Rounded the 95% confidence interval would be given by (0.2;0.3)

Answer 2

The 95% confidence interval for the percentage of people who favor the tax plan is (23.7%, 28.3%).

Explanation:

Confidence interval for the proportion:

In a sample with a number n of people surveyed with a probability of a success of
`\pi`, and a confidence level of
`1-\alpha`, we have the following confidence interval of proportions.

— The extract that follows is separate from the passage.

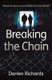 Breaking the Chain - Would you give up your freedom for your family? (Paperback): Spck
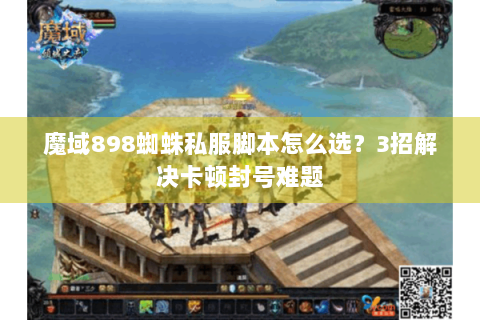 魔域898蜘蛛私服脚本怎么选？3招解决卡顿封号难题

`\pi \pm z\sqrt{(\pi(1-\pi))/(n)}`

In which

z is the zscore that has a pvalue of
`1 - (\alpha)/(2)`.

For this problem, we have that:

`n = 1350, \pi = 0.26`

95% confidence level

So
`\alpha = 0.05`, z is the value of Z that has a pvalue of
`1 - (0.05)/(2) = 0.975`, so
`Z = 1.96`.

The lower limit of this interval is:

`\pi - z\sqrt{(\pi(1-\pi))/(n)} = 0.26 - 1.96\sqrt{(0.26*0.74)/(1350)} = 0.237`

The upper limit of this interval is:

`\pi + z\sqrt{(\pi(1-\pi))/(n)} = 0.26 + 1.96\sqrt{(0.26*0.74)/(1350)} = 0.283`

For the percentage:

Multiply the proportions by 100%.

0.237*100 = 23.7%.

0.283*100 = 28.3%.

The 95% confidence interval for the percentage of people who favor the tax plan is (23.7%, 28.3%).